A firm has determined its optimal capital structure which is composed of the following sources (long term debt is 20% of proportion, preferred stock is 10%, and common stock eqity is 70%)
and target market value proportions.
Debt: The firm can sell a 12-year, $1,000 par value, 7 percent bond for only $960. A flotation
cost of 2 percent of the face value would be required as well.

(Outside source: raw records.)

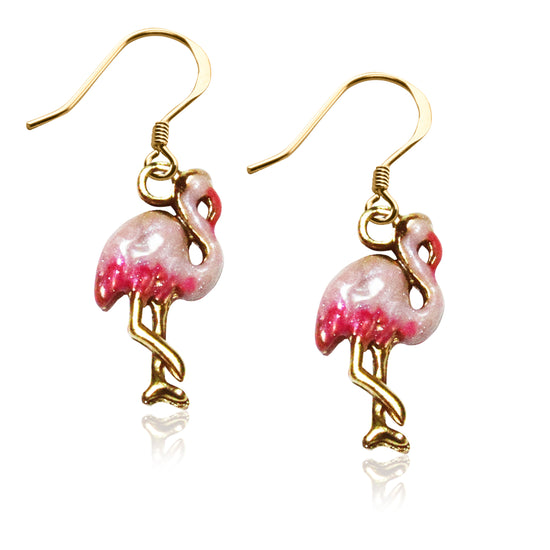 Whimsical Gifts | Flamingo Charm Earrings in Gold Finish | Holiday & Seasonal Themed | Spring & Summer Fun | Jewelry
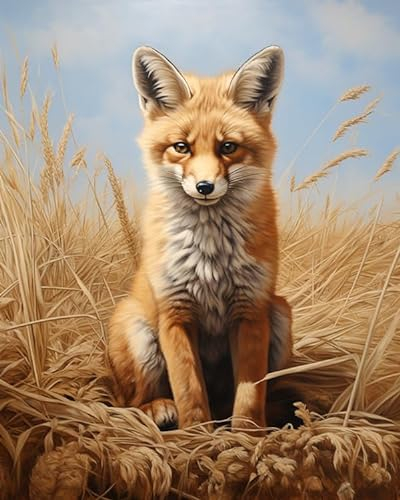 ZMHZMY Malen nach Zahlen Erwachsene - DIY Malen Nach Zahlen Fuchs im Weizenfeld -Vorgedruckt Leinwand-Ölgemälde Geschenk für Erwachsene Kits Home Haus Dekor,40x50cm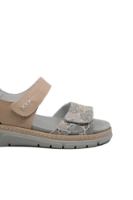 Imagine Sandale damă comode bej cu imprimeu, din piele naturală OTR12500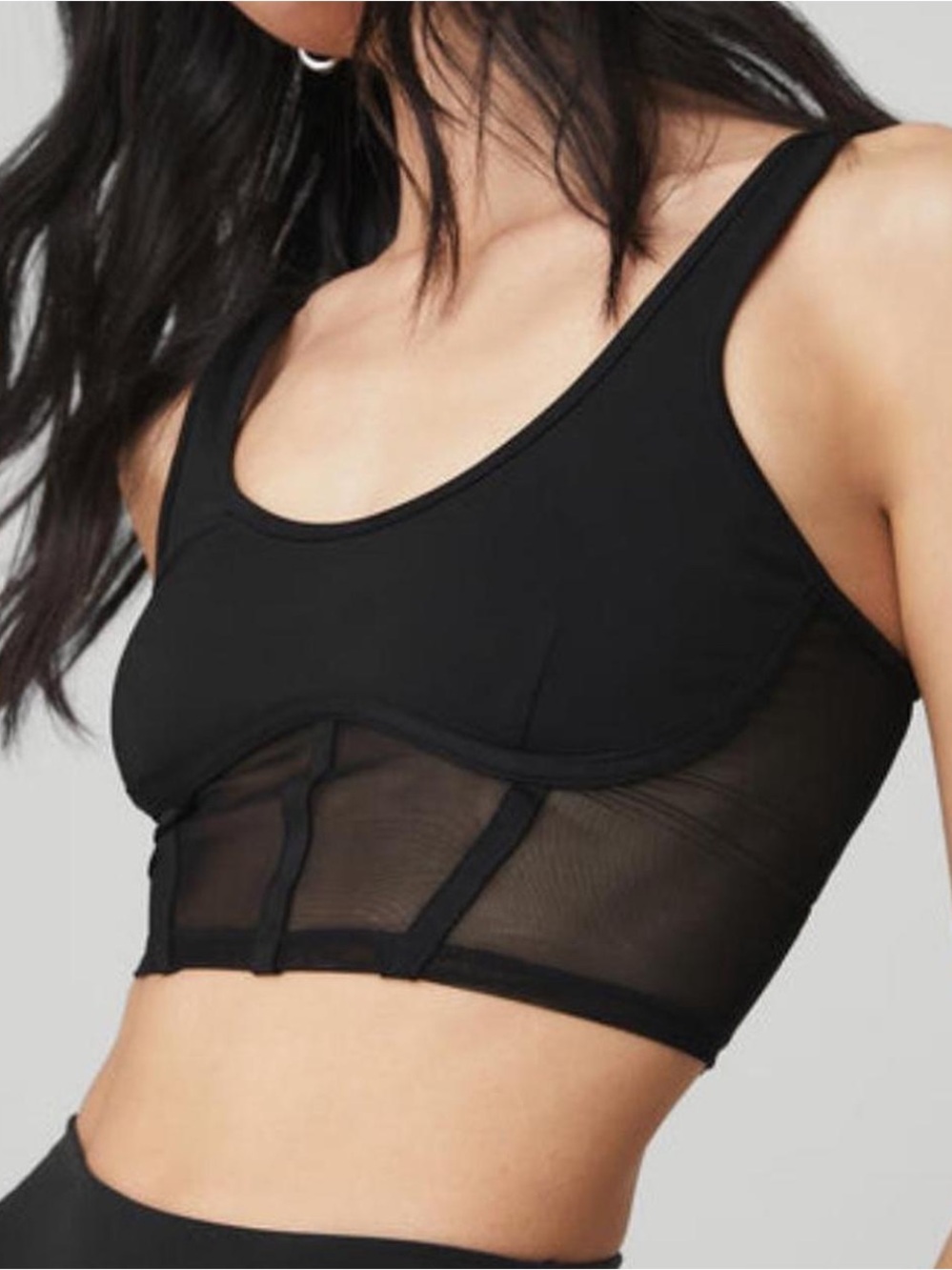ALO Airbrush Mesh Corset Black Yoga Tank Top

Preferred Stock: The firm has determined it can issue preferred stock at $75 per share par
value. The stock will pay a $10 annual dividend. The cost of issuing and selling the stock is $3
per share.
Common Stock: A firm's common stock is currently selling for $18 per share. The dividend
expected to be paid at the end of the coming year is $1.74. Its dividend payments are expected to
grow at 4%. It is expected that to sell, a new common stock issue must be underpriced $1 per
share in floatation costs. Additionally, the firm's marginal tax rate is 40 percent.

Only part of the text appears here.